Pictures with short captions:
____________________

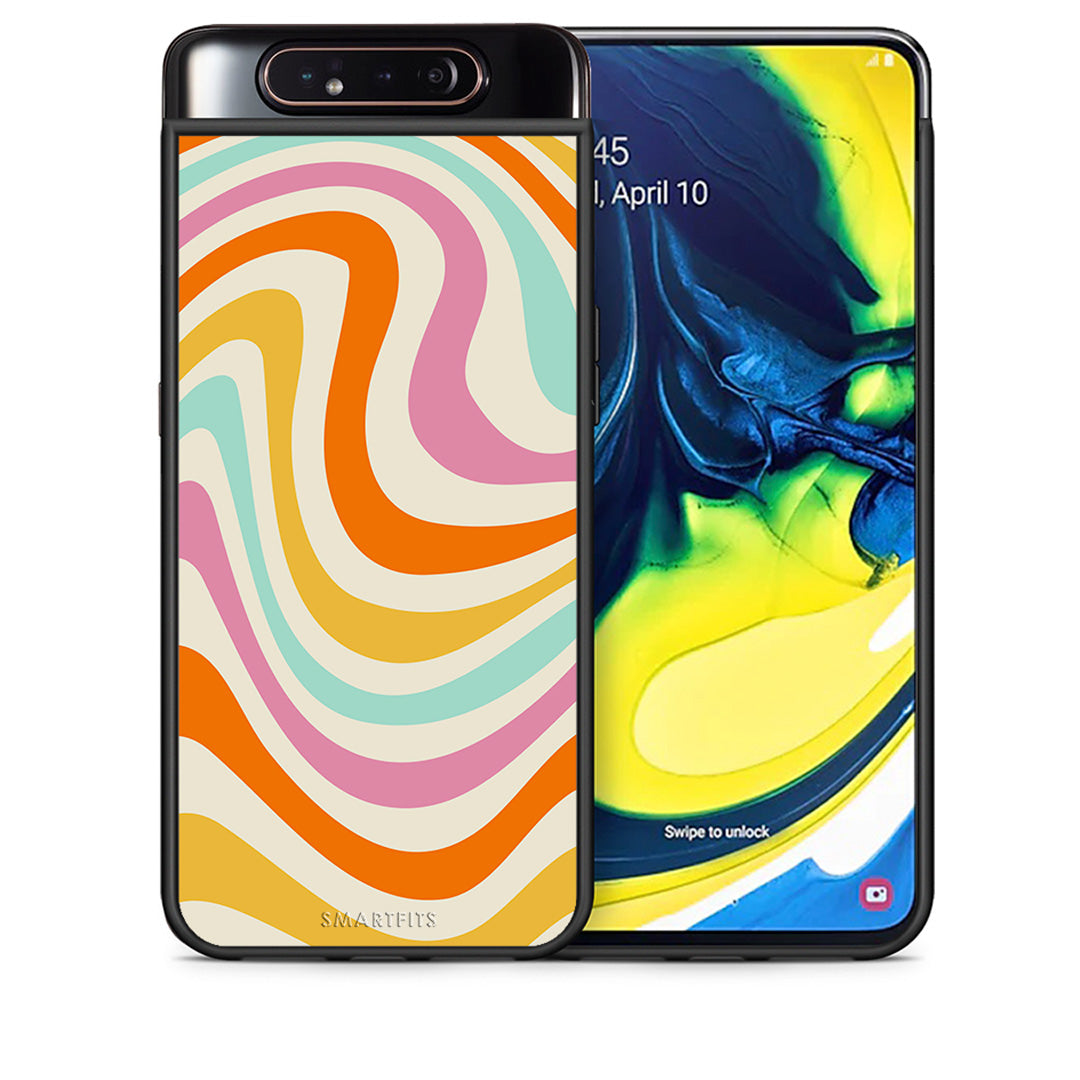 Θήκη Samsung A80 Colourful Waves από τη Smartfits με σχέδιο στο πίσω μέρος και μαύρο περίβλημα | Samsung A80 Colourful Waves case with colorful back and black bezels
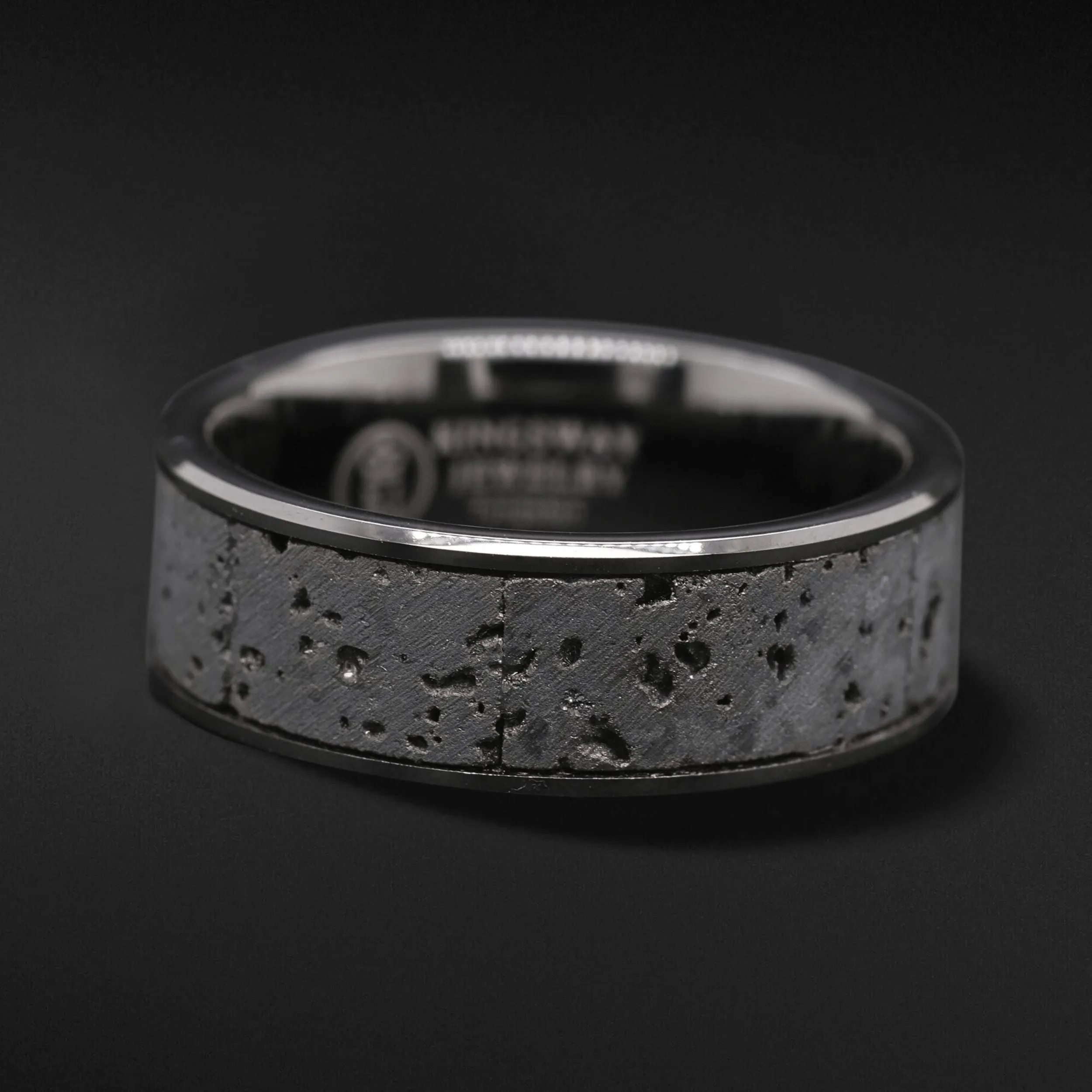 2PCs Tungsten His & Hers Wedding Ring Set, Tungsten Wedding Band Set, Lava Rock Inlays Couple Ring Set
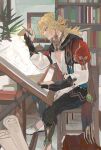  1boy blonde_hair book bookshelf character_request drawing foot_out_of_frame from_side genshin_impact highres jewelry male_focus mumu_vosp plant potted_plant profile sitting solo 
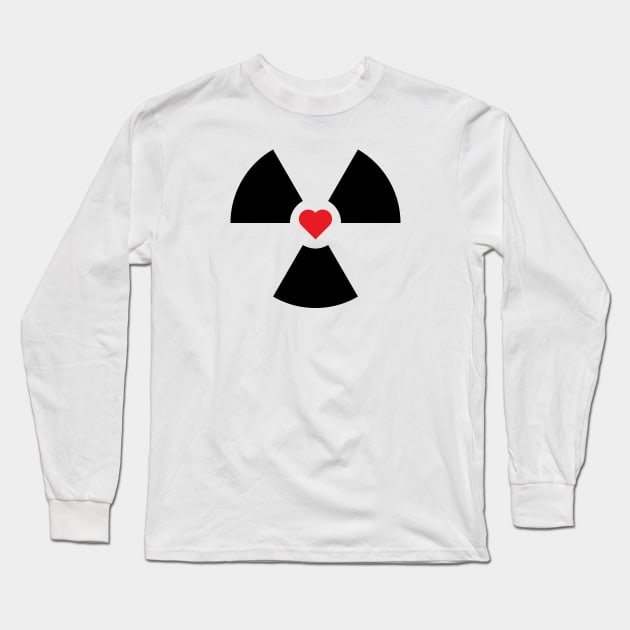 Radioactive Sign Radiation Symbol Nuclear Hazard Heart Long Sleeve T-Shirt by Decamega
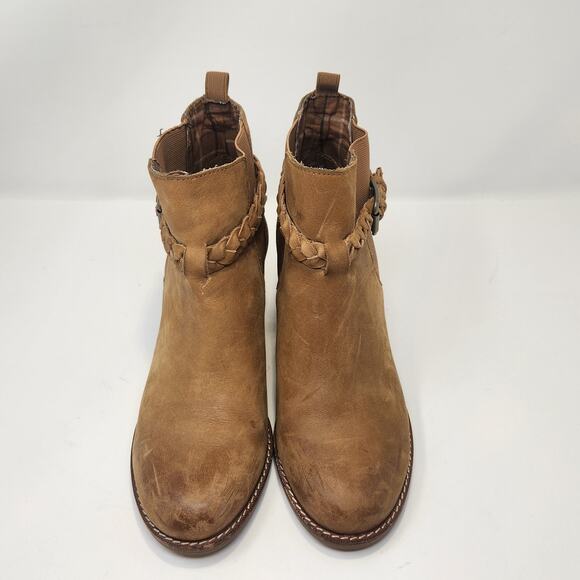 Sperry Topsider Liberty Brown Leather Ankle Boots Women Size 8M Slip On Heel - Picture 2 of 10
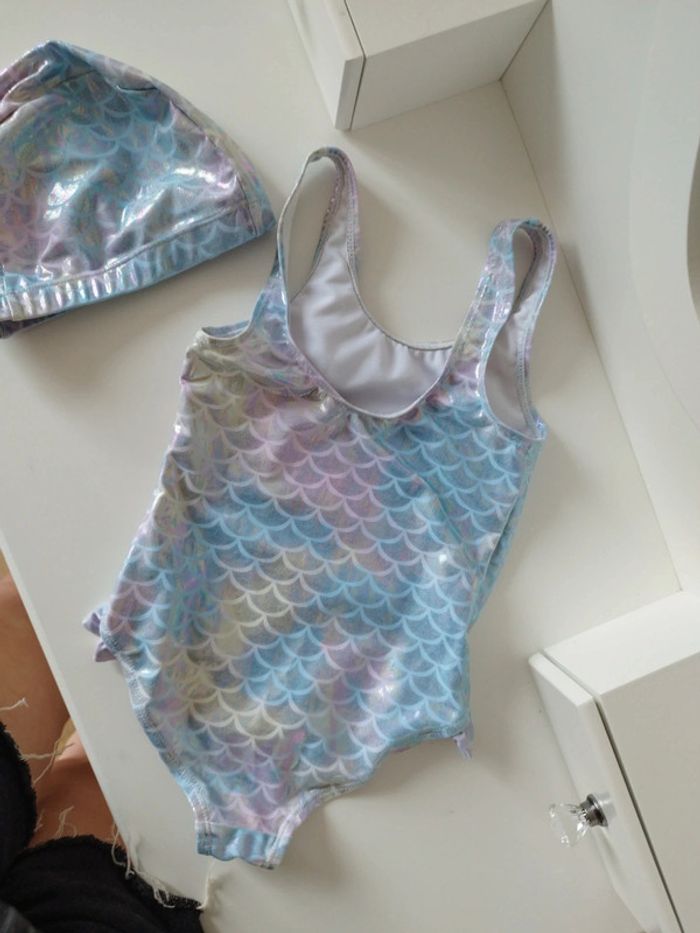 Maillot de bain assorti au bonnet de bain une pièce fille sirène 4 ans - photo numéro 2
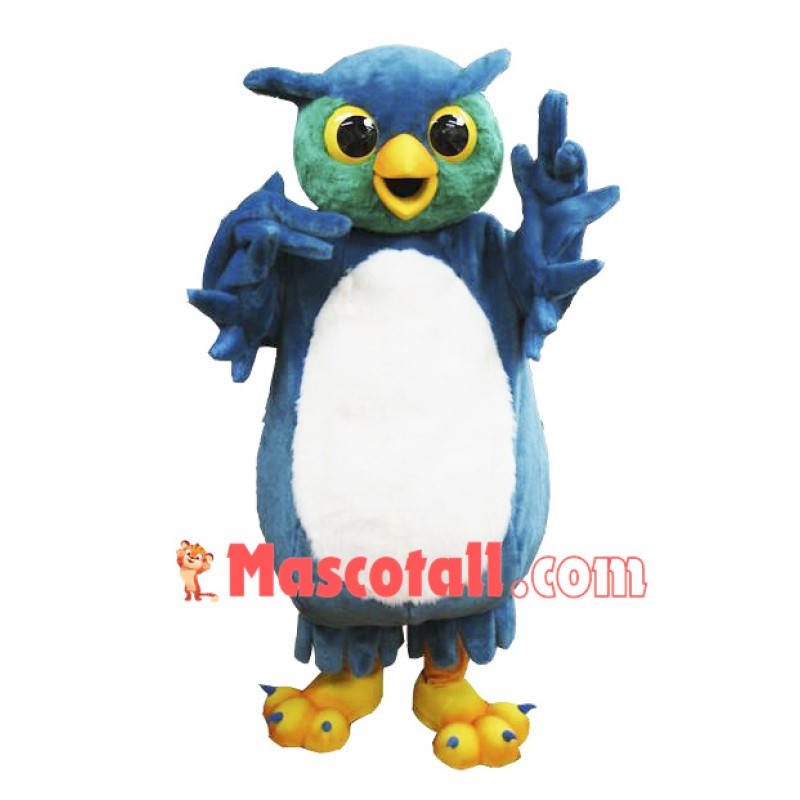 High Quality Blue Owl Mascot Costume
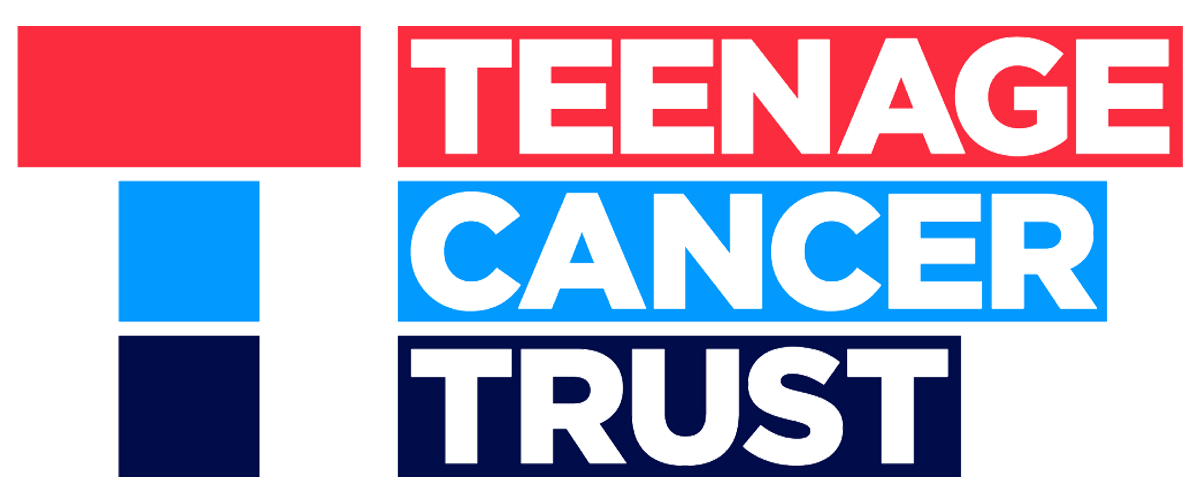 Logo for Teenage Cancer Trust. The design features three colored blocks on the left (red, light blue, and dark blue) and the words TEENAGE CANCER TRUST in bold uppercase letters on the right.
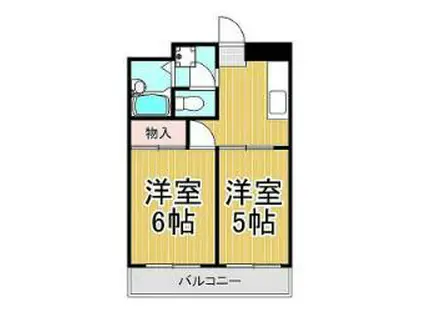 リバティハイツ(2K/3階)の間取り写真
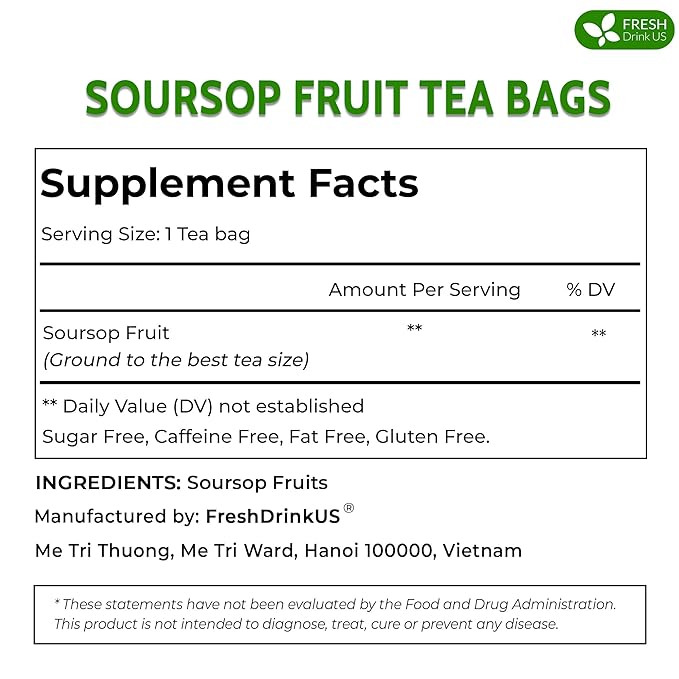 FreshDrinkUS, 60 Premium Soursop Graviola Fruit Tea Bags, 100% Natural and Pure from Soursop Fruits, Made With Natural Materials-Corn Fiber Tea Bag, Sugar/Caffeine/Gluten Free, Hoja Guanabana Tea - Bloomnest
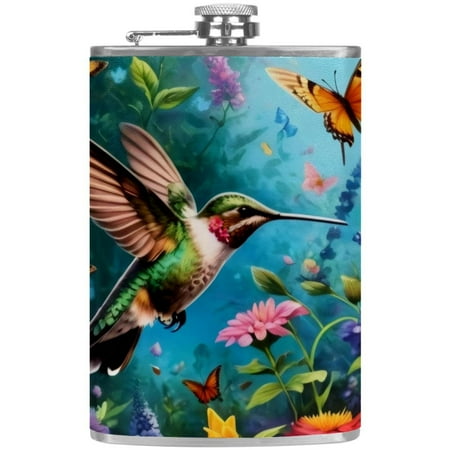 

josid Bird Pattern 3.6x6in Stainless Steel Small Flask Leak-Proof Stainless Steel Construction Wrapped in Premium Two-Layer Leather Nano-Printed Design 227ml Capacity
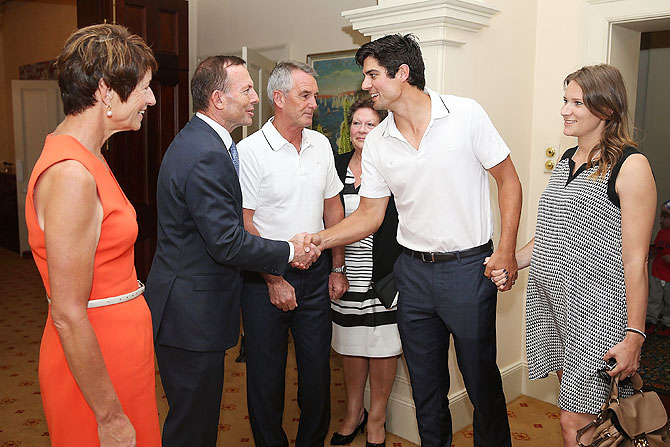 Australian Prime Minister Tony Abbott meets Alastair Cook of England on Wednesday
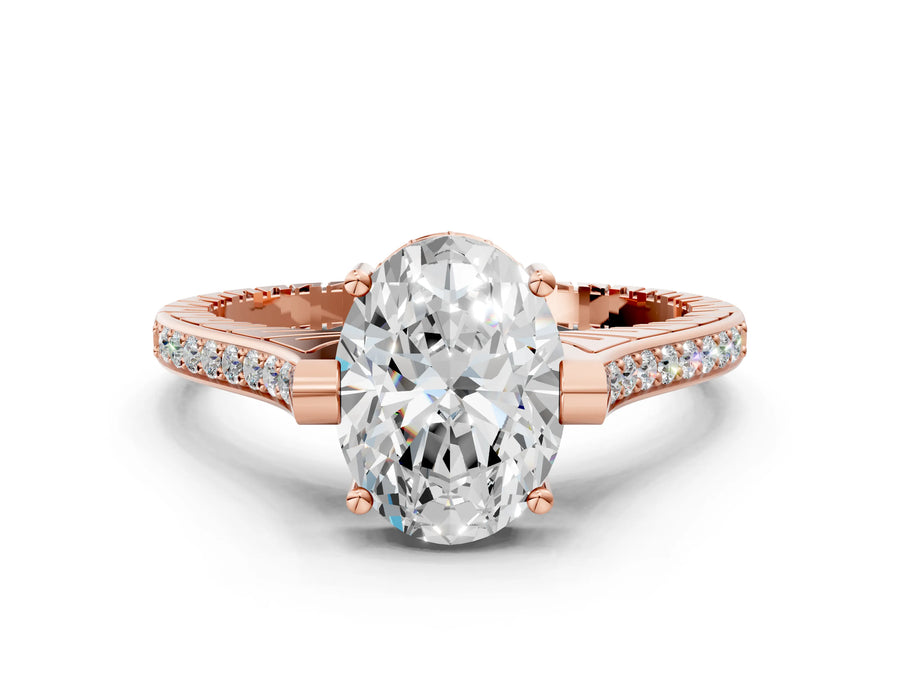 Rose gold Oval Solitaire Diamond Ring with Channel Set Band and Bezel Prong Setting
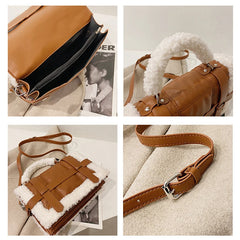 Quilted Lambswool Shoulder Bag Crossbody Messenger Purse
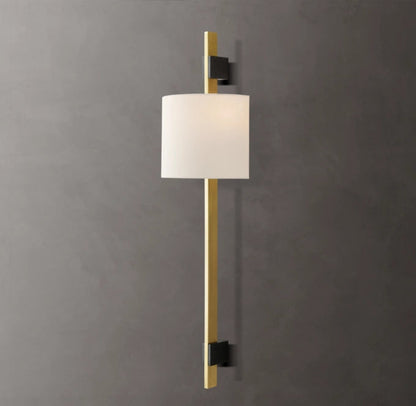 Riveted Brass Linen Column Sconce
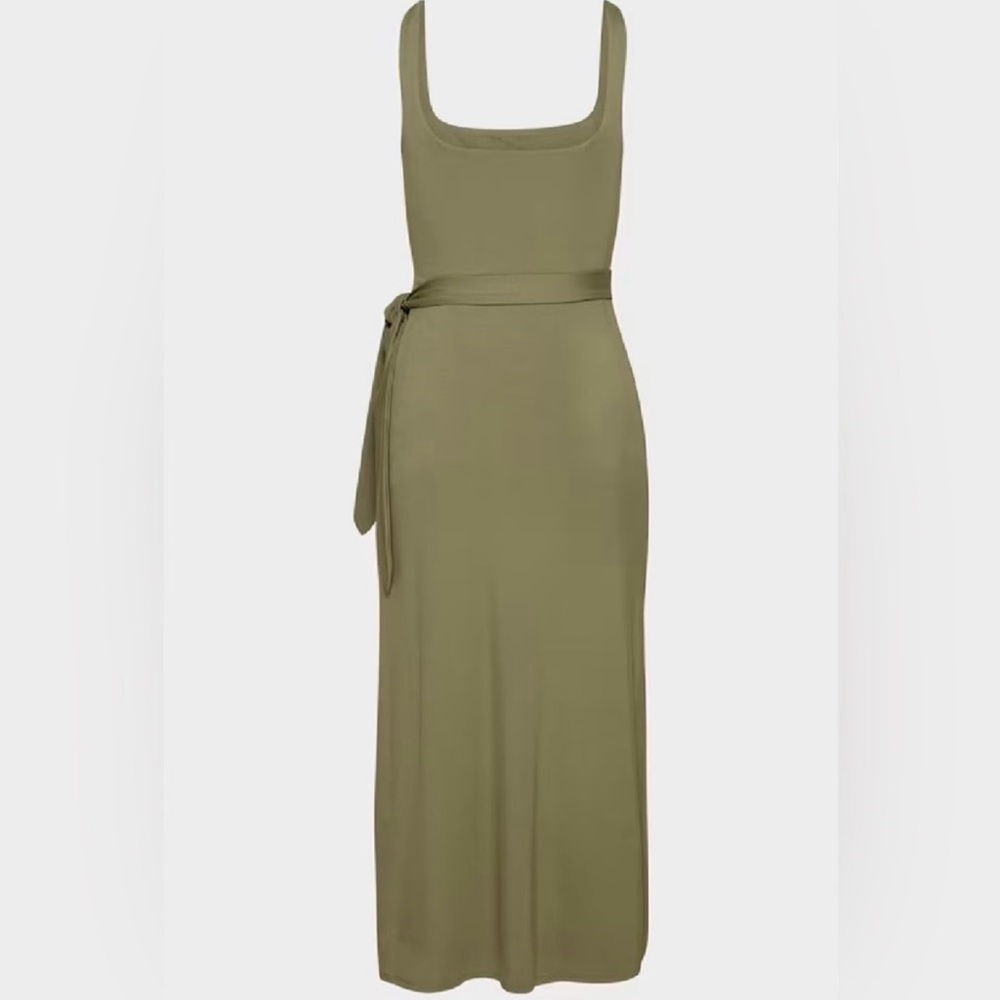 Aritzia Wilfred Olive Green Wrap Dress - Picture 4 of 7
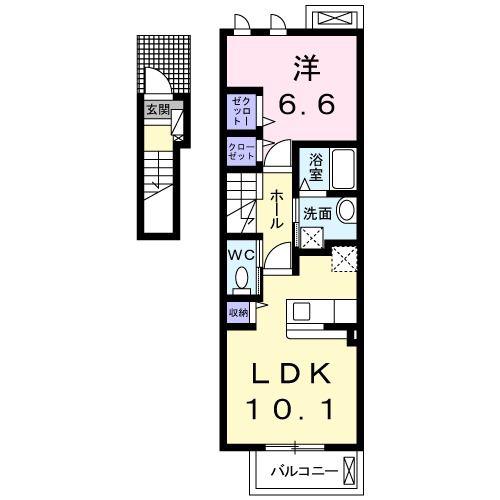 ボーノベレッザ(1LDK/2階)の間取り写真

____________________

Your task is to restate every record word for word. Omit all pictures.

 Θήκη Samsung A80 Colourful Waves από τη Smartfits με σχέδιο στο πίσω μέρος και μαύρο περίβλημα | Samsung A80 Colourful Waves case with colorful back and black bezels
 2PCs Tungsten His & Hers Wedding Ring Set, Tungsten Wedding Band Set, Lava Rock Inlays Couple Ring Set
  1boy blonde_hair book bookshelf character_request drawing foot_out_of_frame from_side genshin_impact highres jewelry male_focus mumu_vosp plant potted_plant profile sitting solo 
 Radioactive Sign Radiation Symbol Nuclear Hazard Heart Long Sleeve T-Shirt by Decamega
 Sperry Topsider Liberty Brown Leather Ankle Boots Women Size 8M Slip On Heel - Picture 2 of 10
 Maillot de bain assorti au bonnet de bain une pièce fille sirène 4 ans - photo numéro 2
 High Quality Blue Owl Mascot Costume
 Logo for Teenage Cancer Trust. The design features three colored blocks on the left (red, light blue, and dark blue) and the words TEENAGE CANCER TRUST in bold uppercase letters on the right.
 リバティハイツ(2K/3階)の間取り写真
 FreshDrinkUS, 60 Premium Soursop Graviola Fruit Tea Bags, 100% Natural and Pure from Soursop Fruits, Made With Natural Materials-Corn Fiber Tea Bag, Sugar/Caffeine/Gluten Free, Hoja Guanabana Tea - Bloomnest

josid Bird Pattern 3.6x6in Stainless Steel Small Flask Leak-Proof Stainless Steel Construction Wrapped in Premium Two-Layer Leather Nano-Printed Design 227ml Capacity
 Australian Prime Minister Tony Abbott meets Alastair Cook of England on Wednesday
 Rose gold Oval Solitaire Diamond Ring with Channel Set Band and Bezel Prong Setting
 Quilted Lambswool Shoulder Bag Crossbody Messenger Purse
 Riveted Brass Linen Column Sconce
 Aritzia Wilfred Olive Green Wrap Dress - Picture 4 of 7
 ボーノベレッザ(1LDK/2階)の間取り写真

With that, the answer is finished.